Principle:Recommenders team Recommenders Data Loading MovieLens Spark
| Knowledge Sources | |
|---|---|
| Domains | Data Engineering, Distributed Computing, Recommendation Systems |
| Last Updated | 2026-02-10 00:00 GMT |
Overview
Loading benchmark datasets into distributed Spark DataFrames for scalable recommendation processing, handling schema inference, multi-character delimiters, and Databricks DBFS integration.
Description
Recommendation system development requires loading user-item interaction data into a format suitable for distributed model training and evaluation. The MovieLens dataset family (100K, 1M, 10M, 20M) is the standard benchmark for collaborative filtering research. Loading these datasets into Spark involves several non-trivial challenges:
- Schema Management: Different dataset sizes use different file formats and column layouts. The 100K dataset uses tab-separated values while the 1M and 10M datasets use
::as a multi-character delimiter. A flexible schema mechanism must map raw columns to standardized names (userID, itemID, rating, timestamp). - Multi-Character Delimiter Handling: PySpark's built-in CSV reader does not support multi-character delimiters like
::. For these datasets, the data must be loaded viaSparkContext.textFile()as raw text, split manually with amap()transformation on the RDD, and then converted into a DataFrame with an explicit schema. - Item Metadata Enrichment: Movie titles, genres, and release year information reside in a separate file. Since this metadata file is small, it is loaded as a pandas DataFrame on the driver node and then converted to a Spark DataFrame for a distributed join with the ratings data.

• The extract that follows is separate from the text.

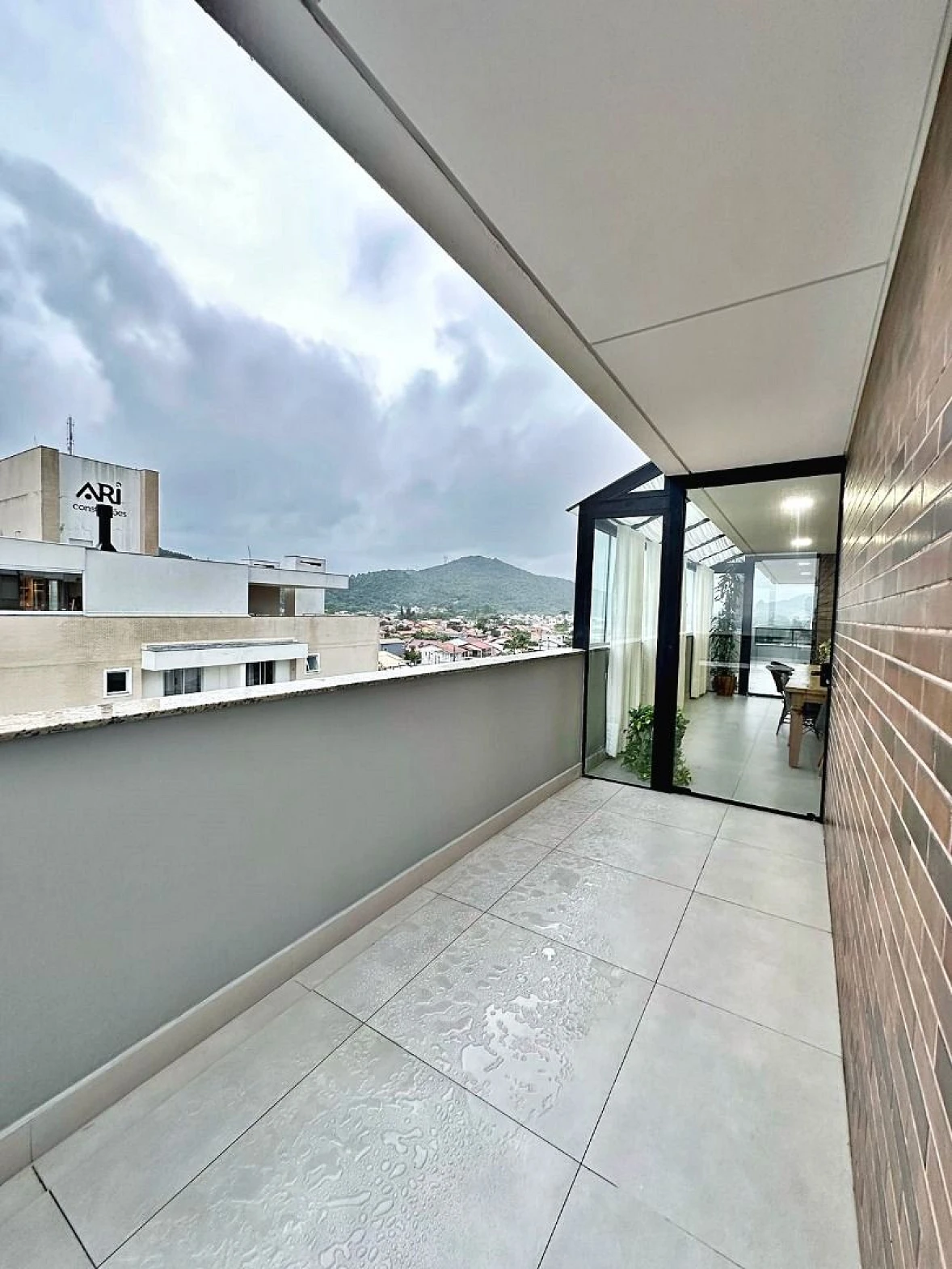 Belíssimo Apartamento Cobertura, 4 Suítes, Exuberante Vista para o Mar, 3 Vagas de Garagens, Praia de Fora, Palhoça/SC - Foto 11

- Databricks DBFS Integration: When running on Databricks, data files must be copied from the local filesystem to DBFS (Databricks File System) before PySpark can read them. This requires the
dbutilsobject for file operations. - Caching: The resulting DataFrame is cached and materialized (via
df.count()) before returning, ensuring that the temporary download files can be safely cleaned up without invalidating the lazy computation graph.
Usage
Use this data loading pattern at the beginning of any Spark-based recommendation workflow. It is the prerequisite for data splitting, ALS model training, and distributed evaluation. The same function supports all MovieLens dataset sizes, making it easy to prototype on 100K and scale to 20M.
Theoretical Basis
The MovieLens dataset represents a partially observed user-item interaction matrix R of shape (m x n):
R[u, i] = rating that user u gave to item i (if observed)
= ? (if not yet observed)
Dataset sizes and their characteristics:
100K: 943 users x 1,682 items, 100,000 ratings (density ~6.3%)
1M: 6,040 users x 3,706 items, 1,000,209 ratings (density ~4.5%)
10M: 69,878 users x 10,677 items, 10,000,054 ratings (density ~1.3%)
20M: 138,493 users x 26,744 items, 20,000,263 ratings (density ~0.5%)
The loading pipeline in pseudocode:
1. Resolve dataset format (separator, has_header) from size parameter
2. Download and extract zip archive if not cached locally
3. IF multi-character separator (e.g. "::"):
raw_rdd = spark.textFile(path)
data_rdd = raw_rdd.map(line -> line.split(separator))
df = spark.createDataFrame(data_rdd, schema)
ELSE:
df = spark.read.csv(path, schema=schema, sep=separator)
4. IF title_col or genres_col or year_col requested:
item_pdf = pd.read_csv(item_path) # small file, load on driver
item_df = spark.createDataFrame(item_pdf)
df = df.join(item_df, on=movie_col, how="left")
5. df.cache()
6. df.count() # materialize before temp files are cleaned up
7. RETURN df
The caching step (5-6) is essential because Spark uses lazy evaluation. Without materializing the DataFrame before the context manager cleans up temporary files, subsequent actions on the DataFrame would fail with file-not-found errors.